她得把这份明白死死按在心底,一个字都不能漏。
次日一早,何雨注便去了单位。
老赵见他全须全尾地回来,重重拍了他肩膀两下,咧开的嘴角压不住笑意。
这趟差事的凶险,彼此心照不宣。
何雨注又拨了个电话。
线路那头的老方,反应有些异样。
“什么时候抵京的?怎么没个信儿?”
“昨天。
没走铁道。”
“怪不得……广东那边一点动静都没有。”
“走了水路。
有问题?”
“没,没事,随口一问。”
老方的声音顿了顿,透着一股匆忙,“回来了就踏实待着。
之前谈妥的那些,不用你跟了,南边会有人接手。”
“明白。”
“我这儿忙,先挂了。
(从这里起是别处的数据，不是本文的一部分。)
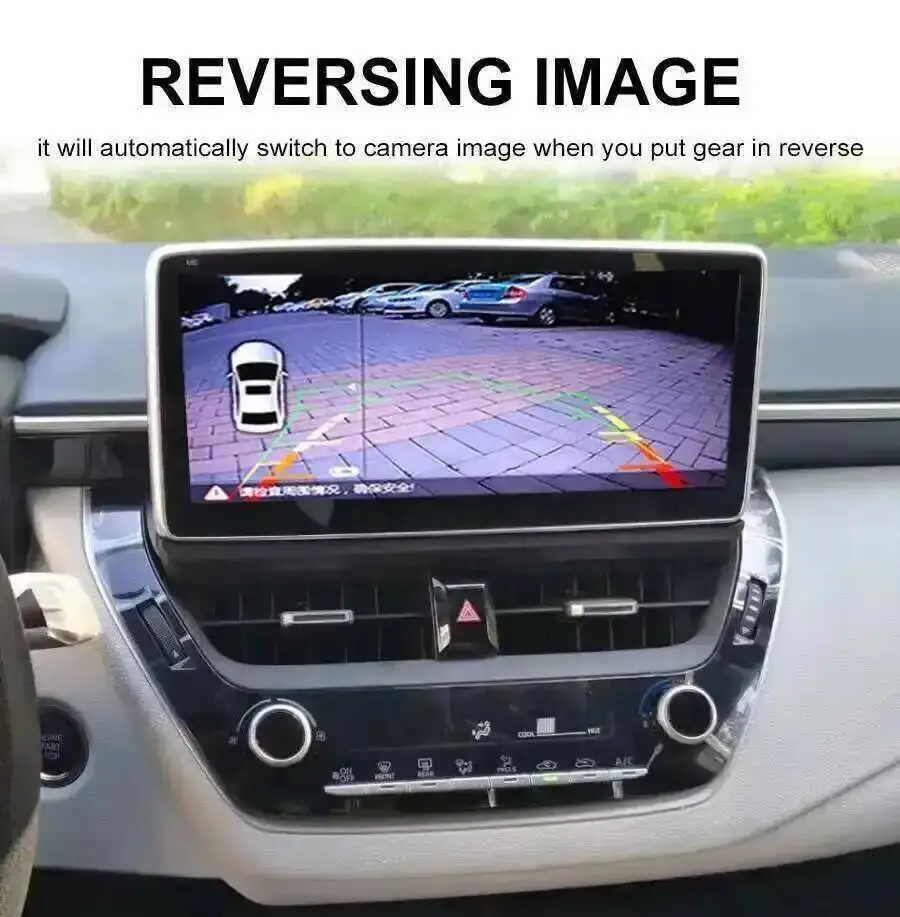 Carplay pour Toyota Corolla 2020 Navigation DSP 4G lecteur vidéo multimédia HU 1920*720 10.25 pouces Android 15 qled écran stéréo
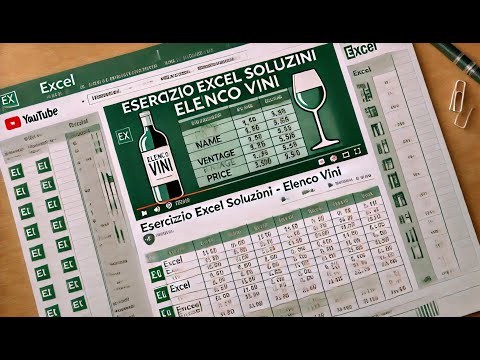 Esercizio Excel - soluzioni passo passo - livello intermedio  (elenco vini)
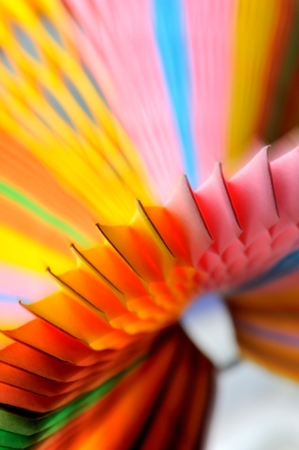 Blurred colourful Paper on background. Abstract colour backgroundの写真素材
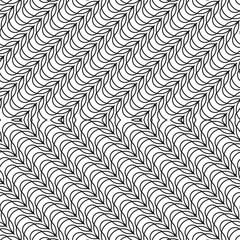 Design seamless monochrome zigzag pattern - 444549443
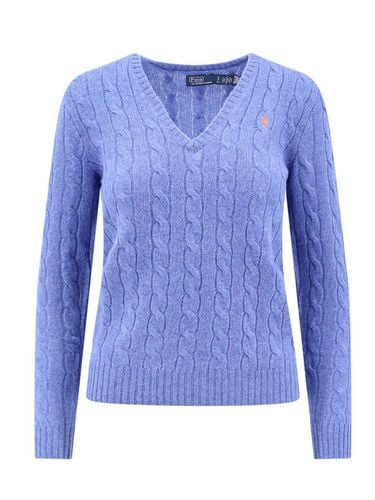 Cable-knit V-neck Jumper - Polo Ralph Lauren - Modalova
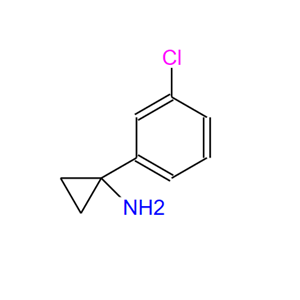 474709-84-7；1-(3-氯苯基)环丙胺；1-(3-CHLORO-PHENYL)-CYCLOPROPYLAMINE
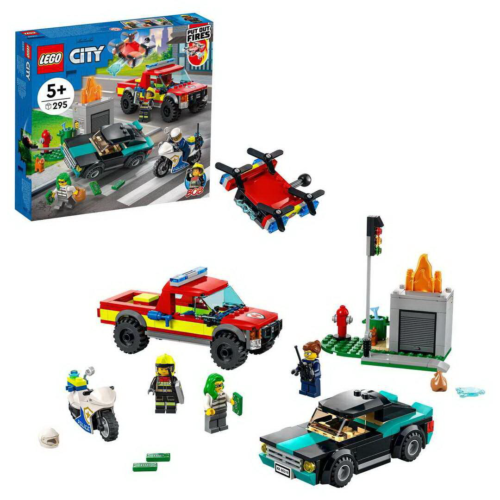 Конструктор LEGO CITY Fire Пожарная бригада и полицейская погоня - 0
”
听筒里传来忙音。
何雨注放下电话,心想,忙才是常态,哪天清闲了反倒吓人。
他并不知道,关于那艘庞然“雪茄”
的消息,早已惊动了更高层。
若非顾虑重重,只怕早就有人亲自跑去一睹真容。
第一批接到调令的研究人员已在路上,甚至从西北荒漠紧急召回了一些专家。
老方也即将动身,目的地是那个胶东半岛的海滨城市。
为了藏匿那件庞然大物,当地几乎调动了所有能动的炮艇,将它拖拽至一处荒僻的、连渔船都绝迹的海湾。
整个区域已被划为绝对 ,沿岸设立了哨卡。
一个半埋入地下的船坞正在紧张开挖,整整一个团的工程兵连同各类技术骨干日夜赶工。
丢失了如此重要之物的另一方,并非没有疑心。
他们的船只查遍了粤闽沿海大小港口,近岸处自然一无所获,但高倍望远镜仍不死心地扫视着远海每一片波浪。
后来,甚至调来了一艘体量惊人的母船,派出大量飞机进行拉网式搜索。
海天之间,只有鸥鸟与浪涛回应着这份徒劳的焦灼。
南面的岛屿与东边那片地界也被翻了个底朝天——自然不是他们亲自动手,而是借了白鹰的力。
这番动静到底搅起了波澜:往北边走的货船最先遭了殃,南边海面上秃头那伙人觉得受了牵连,没少使绊子。
另有几国嗅出这边缺粮的风声,当即禁了叶国、袋鼠国等往香江转运粮食的通道。
里头与香江那头为了撕开这道口子,什么法子都试遍了。
何雨注的日子又沉回原先的节奏里。
院里鸡零狗碎的事儿没断过,可谁都不敢往他跟前凑。
不凑近他,却不代表没人缠上他家里别的——小满就被秦淮如拦过两回,那女人扯着苦处说个没完,要不是何雨水撞见,东西真就给出去了。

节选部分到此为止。